高戈里的博客http://gaogeli.blshe.com/

《军事史林》2008年第10期刊登署名“晨曦”的《蔡正国:在抗美援朝战场上牺牲的最高级别指挥员》后,2009年第2期又刊登了廖锋先生的反驳文章——《对〈蔡正国:在抗美援朝战场上牺牲的最高级别指挥员〉一文的质疑》。作为志愿军老战士的后人,我们非常感谢廖锋先生能基于民本主义的史学立场,超越世俗偏见,充分肯定志愿军第50军能担“重任”的战斗力及“不俗的战绩”,对廖锋先生深厚的史学功底及严谨的治史态度,也钦佩备至。

不过,廖锋先生批驳“晨曦”的文章涉及了一句话,而我,又是这话的“始作俑者”,因此,有必要借此机会陈述我的考证及理由,不当之处,敬请军史专家及军史爱好者鉴别、指正。

一、关于志愿军第50军战斗力曾被低估一说的由来

廖锋先生在《对〈蔡正国:在抗美援朝战场上牺牲的最高级别指挥员〉一文的质疑》中提到:“‘晨文’称:‘第四次战役之初,许多人都以为50军这支起义部队战斗力很有限,以至于把38军放在50军侧后,准备在50军顶不住的时候,随时可以加入进来’。这种说法纯属主观臆测。”

廖锋先生批驳的话,虽然不是我的原话,但“源头”却是我撰写的文章或著作。

其中,我在2000年10月《云南日报》社的《大观周刊》第17期刊登《壮怀激烈50军》和2004年1月解放军出版社出版的长篇纪实文学《心路沧桑——从国民党60军到共产党50军》中写道:

战役之初,相当一部分人担心这支起义部队顶不住。

……

在中国人民解放军各野战军中,对第50军这位“小老弟”,王牌第38军一直特别关照,从不摆“老大哥”架子,更不歧视这支起义部队,这真诚、深厚、长久的友谊,始建于他们并肩血战美国大兵的汉江两岸。

从朝鲜回国养伤期间,有两位第38军的干部告诉林家保:“哎呀呀,过去我们对50军认识不够啊!说句老实话,汉江阻击战刚开始时,我们都以为起义部队的战斗力很有限,一直担心你们顶不住。没想到你们还真能打!50军不能小看,不能小看!”

我在中国作家协会《中国作家纪实》杂志2007年第10期刊登的《感天撼地50军》中,又增加了如下内容:

战役之初,“志司”首长曾预料第50军在汉江南岸顶不住,于是,把第38军放在第50军侧后,准备随时加入战斗。
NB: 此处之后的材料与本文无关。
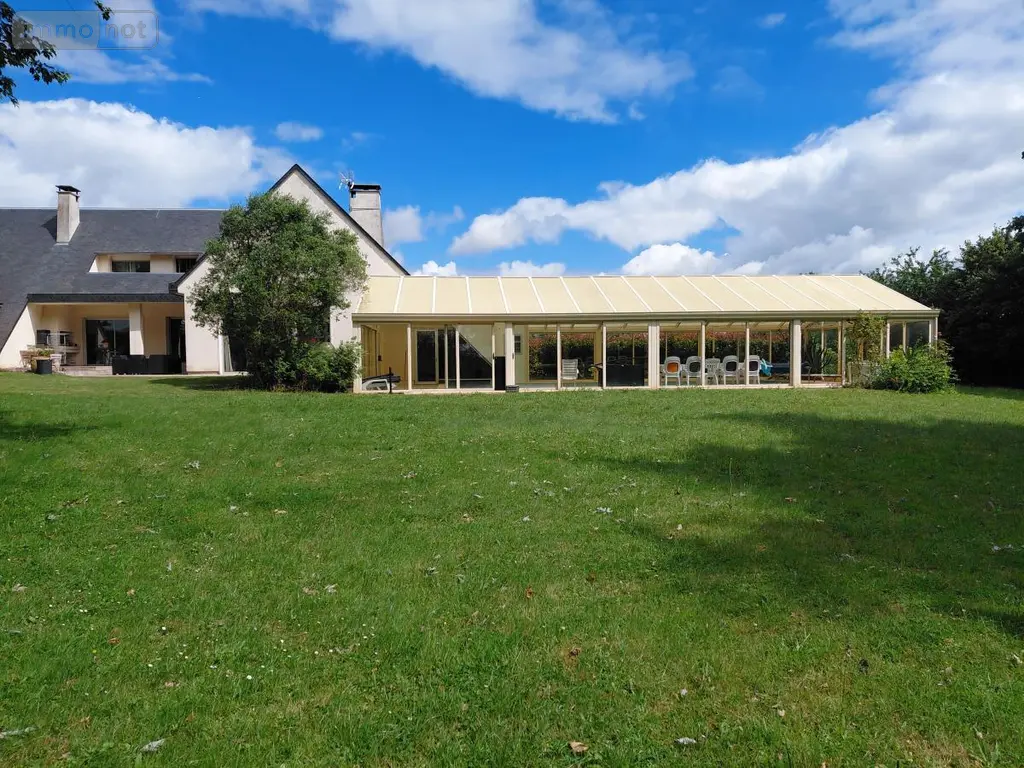Maison a vendre Mamers 72600 Sarthe 72 278 m2 9 pièces 400235 euros 61068-23 030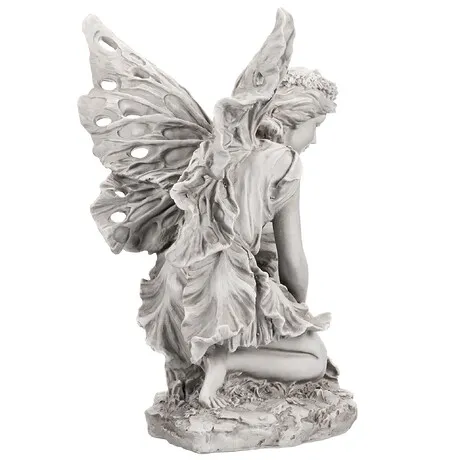 Fiona the Flower Fairy Statue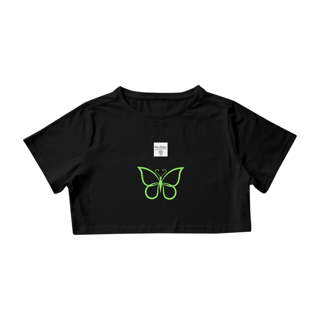 Croped Butterfly DB 2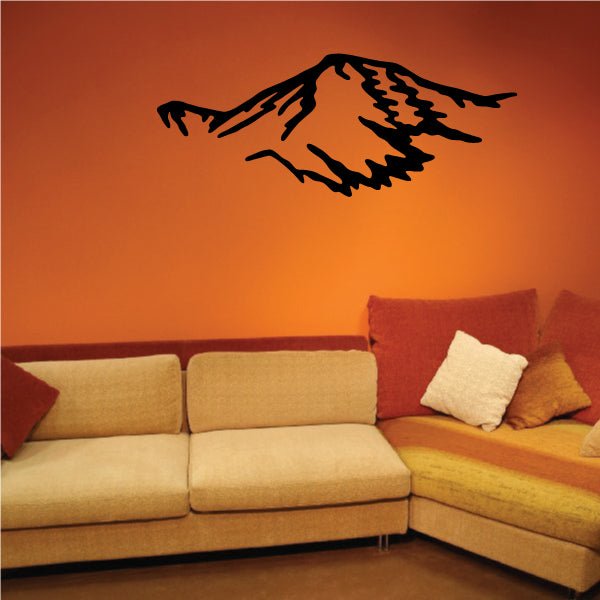 Image of Mountain Decals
这段话,引自志愿军第50军蔡正国副军长在抗美援朝第四次战役结束后,于1951年5月撰写并印发部队的《入朝半年来军事上几个问题的概括总结》第10页。

上述作品在我博客上贴出后,得以在网上流传。

二、志愿军第50军战斗力曾被低估的客观原因

志愿军第50军战斗力曾被低估,不仅仅是因为“受起义部队背景的影响”,廖锋先生所说的“作战准备仓促”问题,确实存在。

第50军北上中朝边境前,部队分散在湖北、河南等地执行水利、生产、剿匪、营房建设等任务,其中多数部队在湖北江汉平原洪泛区从事筑堤防洪及开荒生产,完全没有参加朝鲜战争的战前准备:

兵员锐减——全军刚刚经过精简整编,由5.8万余人减至3.3万余人。

干部缺编——部队1948年10月起义不久,多数军官和一部分士兵共2490人被送往东北军政大学学习,编为东北军大第11期第5团。1949年9月下旬,起义学员毕业后,分配方案临时改变,只有575名学员分回第50军工作,其余毕业学员分配到第四野战军其他10个军。虽然,东北军区为这支起义部队分批调来几百名老部队的干部,但多数是政治工作干部,军事指挥员缺额很大,机关特别是各级司令部缺额更多。部队入朝时,军部缺副军长和副政委,3 个步兵师缺2 个师长、2个副政委、3 个司令部副参谋长、2个政治部副主任、2 个供给部长,团以下就更不用说了。还有,相当一部分基层军事指挥员是从起义士兵中刚刚提拔起来的,缺少指挥经验。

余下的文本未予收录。